## Given data
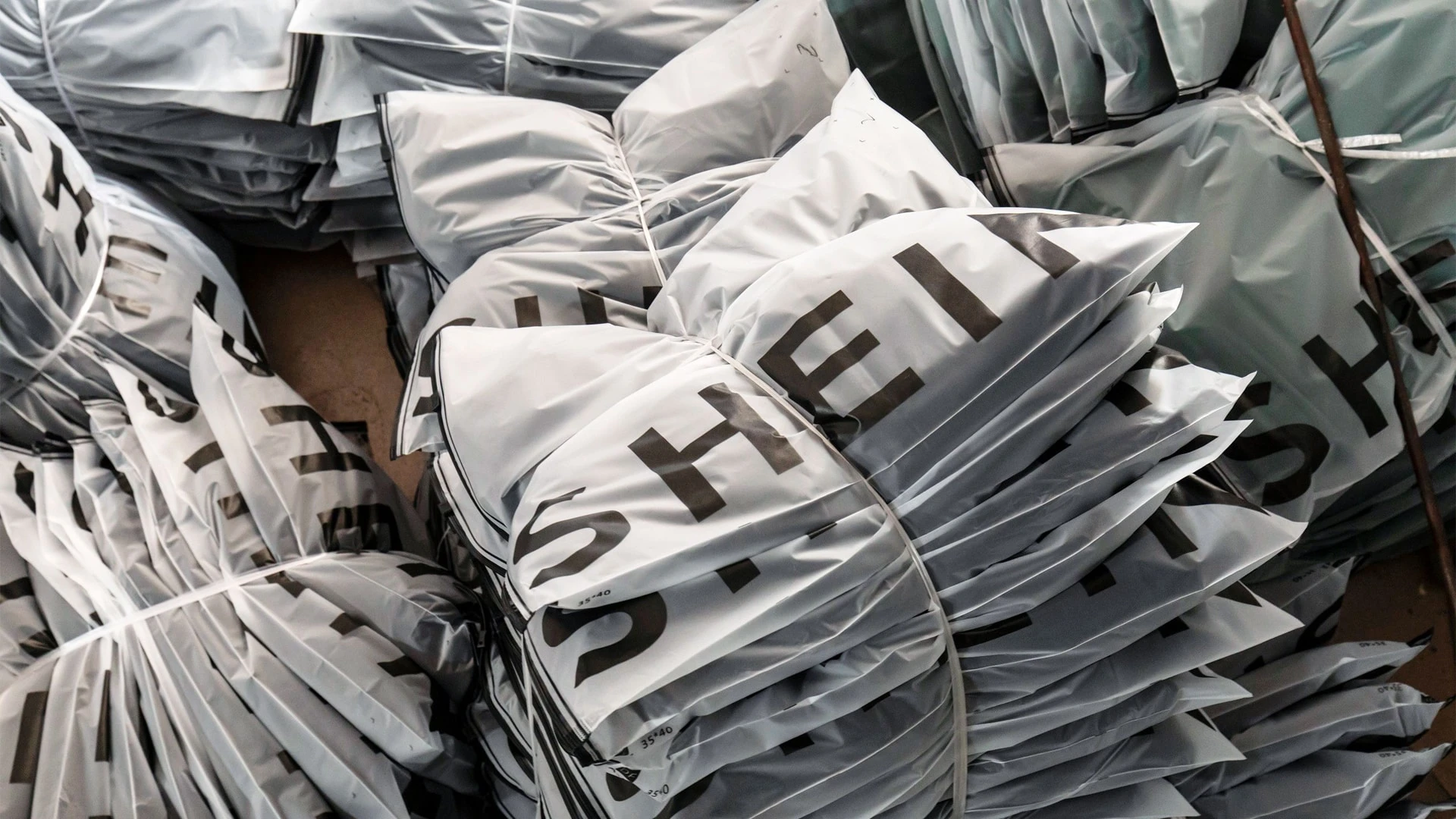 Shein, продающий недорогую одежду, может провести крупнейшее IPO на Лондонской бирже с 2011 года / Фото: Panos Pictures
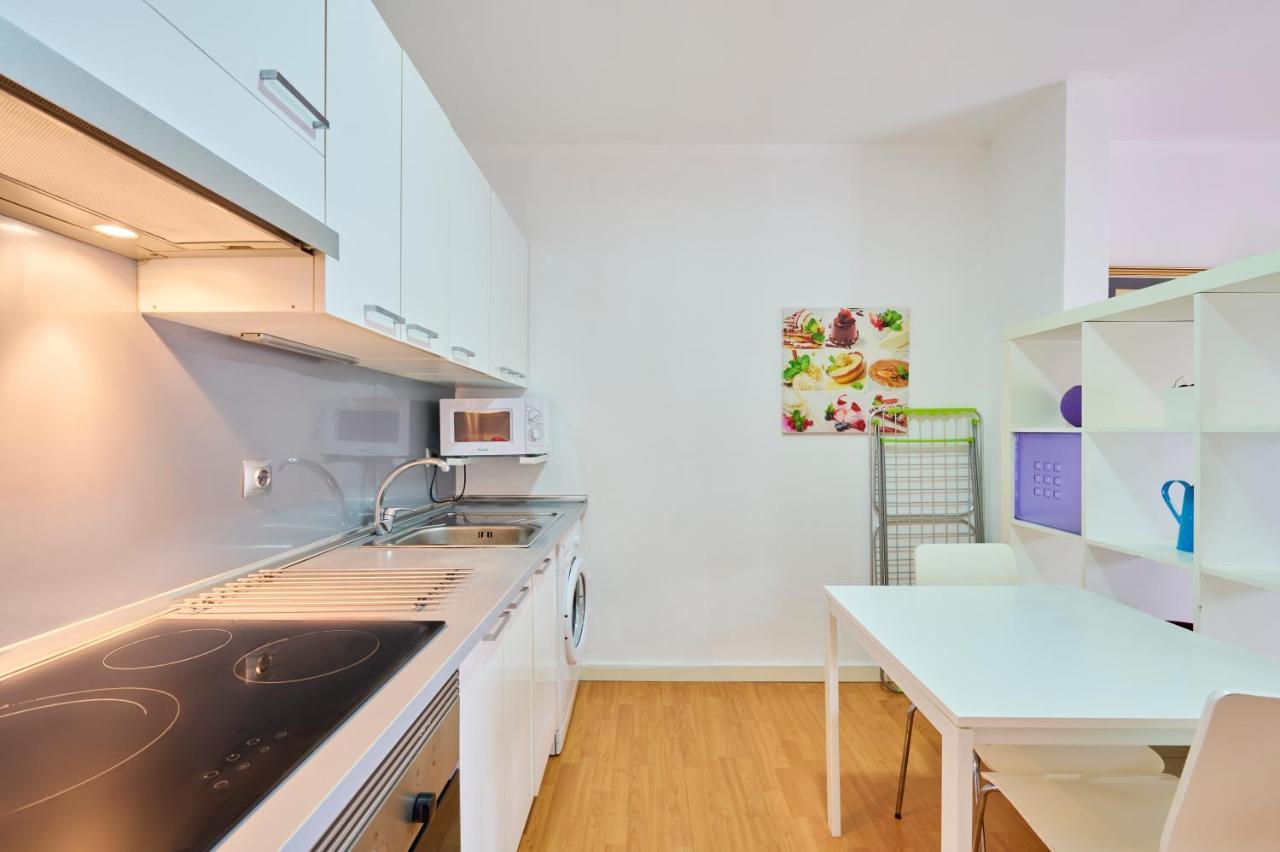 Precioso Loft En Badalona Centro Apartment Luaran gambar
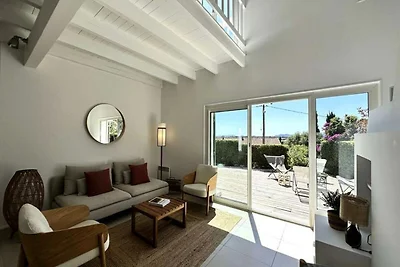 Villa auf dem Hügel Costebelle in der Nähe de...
* * *
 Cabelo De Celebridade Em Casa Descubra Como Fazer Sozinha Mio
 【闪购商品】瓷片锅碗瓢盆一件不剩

## Task
Pictures aside, return exactly the lines from the data above, starting at the line that has "Precioso Loft En" and ending at the line that has "Villa auf dem", both included.

## Task output
 Precioso Loft En Badalona Centro Apartment Luaran gambar
 Villa auf dem Hügel Costebelle in der Nähe de...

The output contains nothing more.